1917 film by Edgar Lewis

The Barrier is a lost 1917 American silent northwoods drama film directed by Edgar Lewis and starring Mabel Julienne Scott. It is based on the 1908 Rex Beach novel The Barrier.

The Beach novel was filmed again by MGM in 1926 as The Barrier starring Lionel Barrymore.

== Plot summary ==
A barrier stands between Lt.

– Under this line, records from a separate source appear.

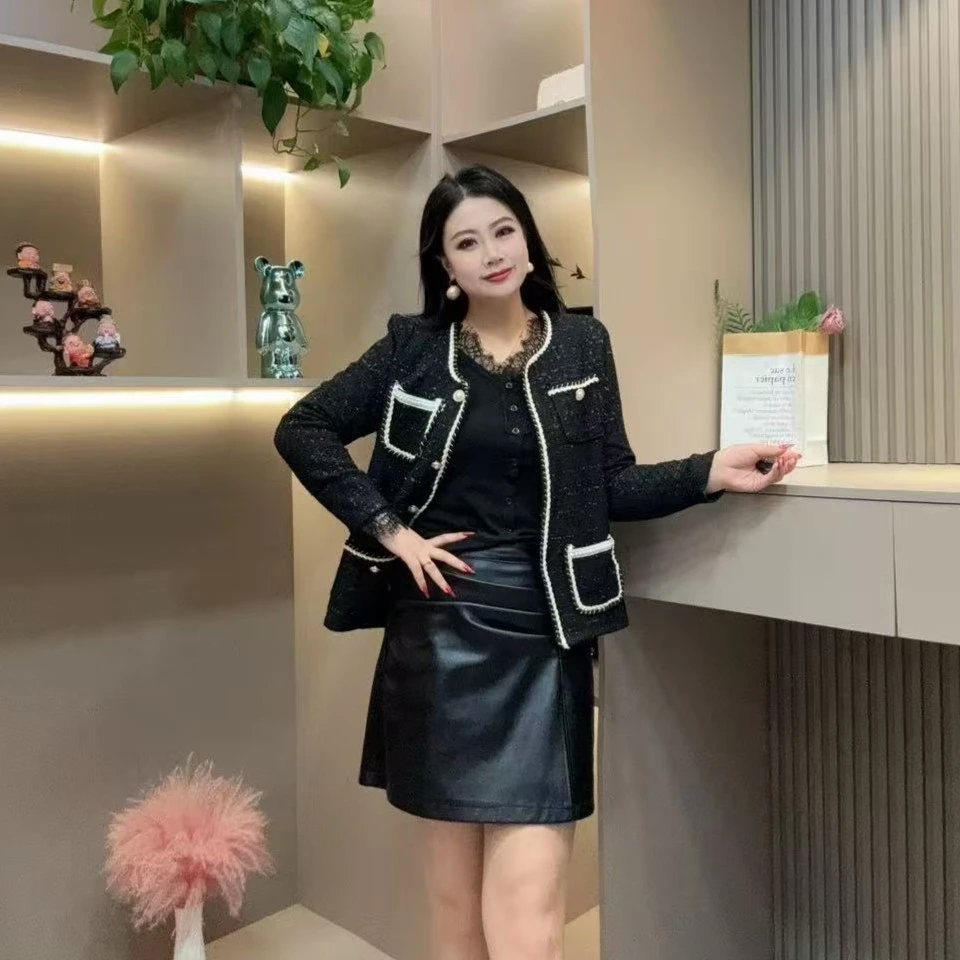 秋季外套-品 5995时尚潮流小香风不对称设计显瘦胖MM大码女装新款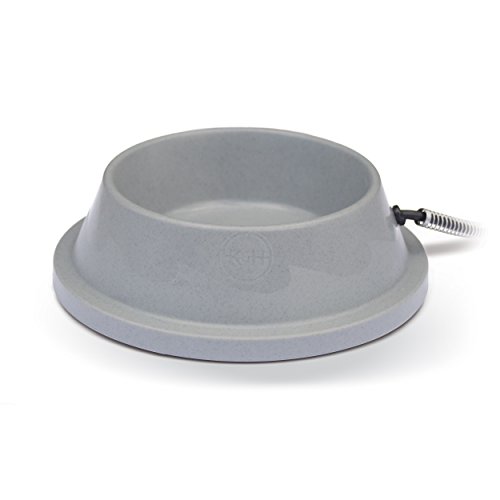 K&H Pet Products Thermal-Bowl Heated Cat & Dog Bowl 32oz. Slate Gray 12W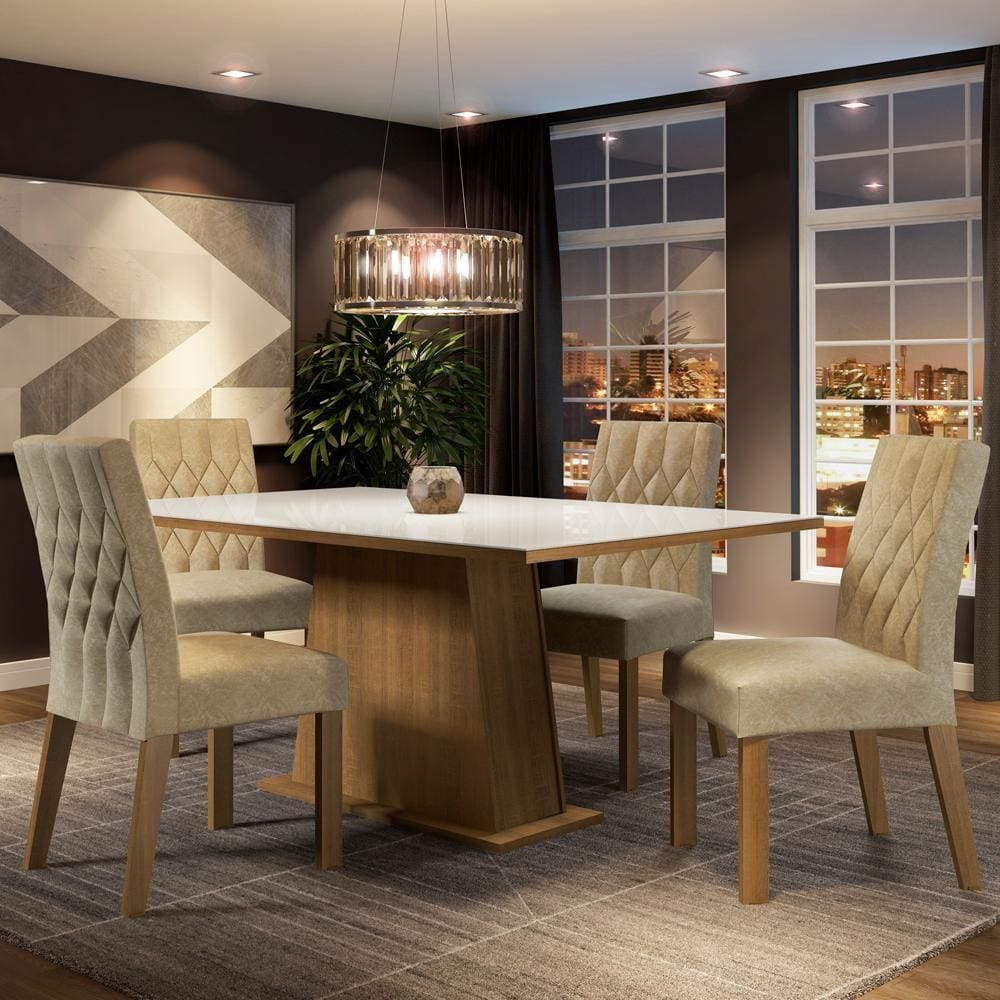 Conjunto Sala de Jantar Madesa Grazi Mesa Tampo de Vidro com 4 Cadeiras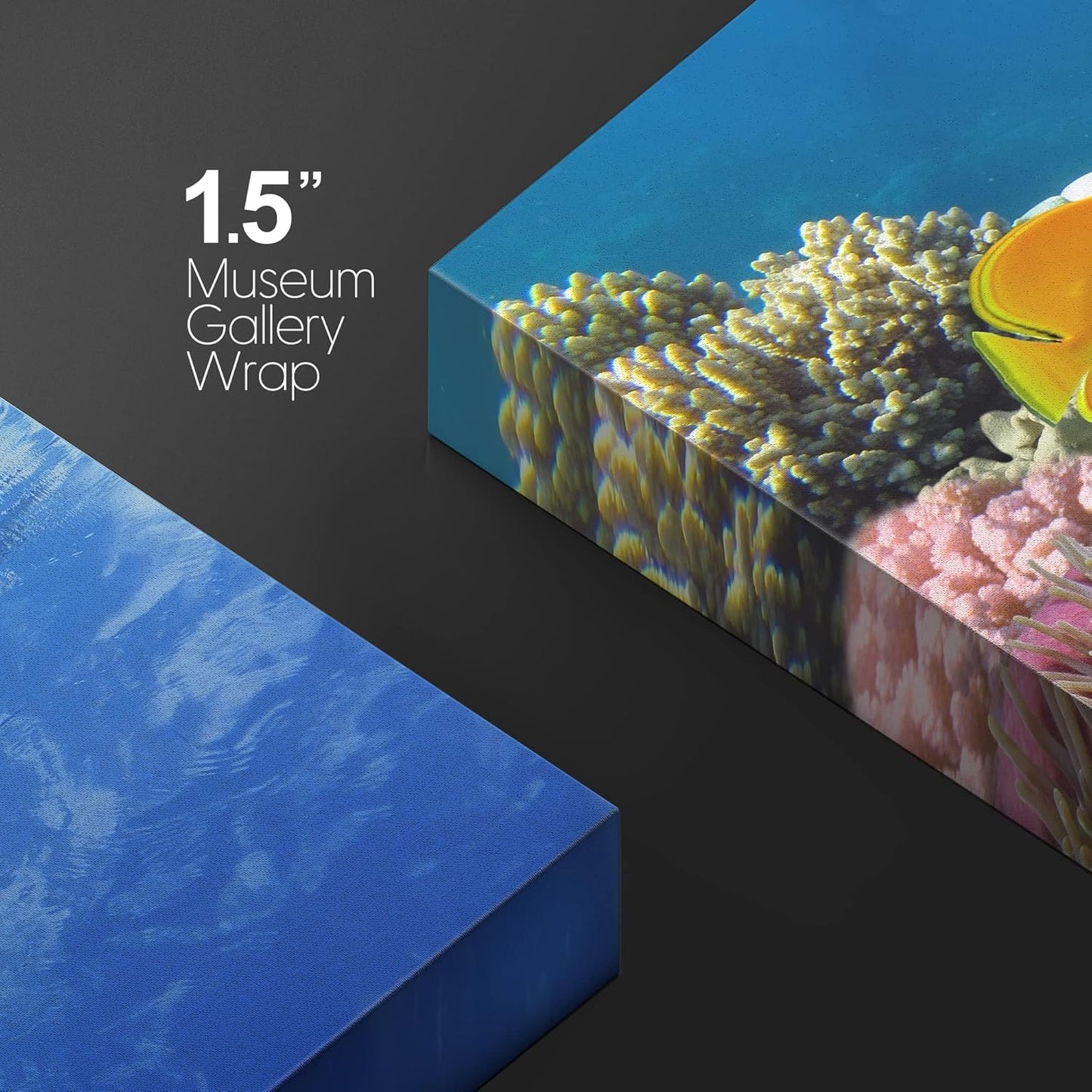 wall26 Canvas Print Wall Art Tropical Yellow Fish with Vibrant Coral Reef Nature Ocean Photography Realism Nautical Scenic Relax/Calm Multicolor Ultra for Living Room, Bedroom, Office - 24"x36"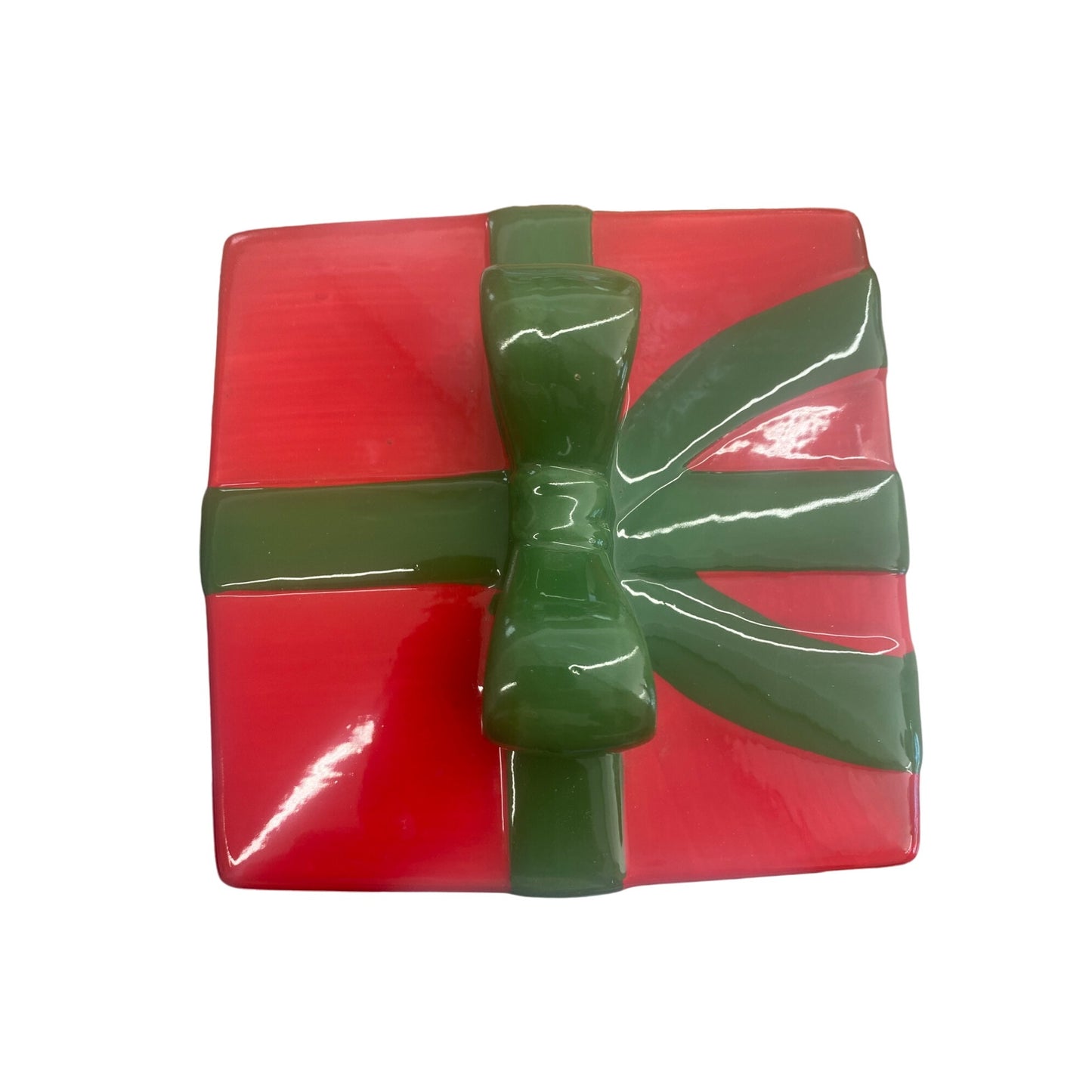 Christmas Gift Box Ceramic Cookie Jar With Bow & Polka Dots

Meade Burrell and Necia, the woman he loves. That barrier is the fact that she's a "half-breed" — half-Indian and half-white, with an Indian mother and John Gale, a white trader, for a father. Although he has proposed marriage to Necia, she releases him from it when she realizes the damage that marrying a half-breed would do to him personally and professionally. One day, a man arrives in town with information that could solve everyone's problems.

==Cast==
- Mabel Julienne Scott as Necia / Merridy
- Russell Simpson as John Gaylord / John Gale
- Howard Hall as Dan Bennett / Ben Stark
- Victor Sutherland as Lt. Meade Burrell
- Mitchell Lewis as Poleon Doret
- Edward Roseman as Runnion
- W. J. Gross as "No Creek" Lee
- Mary Carr as Alluna (credited as Mary Kennevan Carr)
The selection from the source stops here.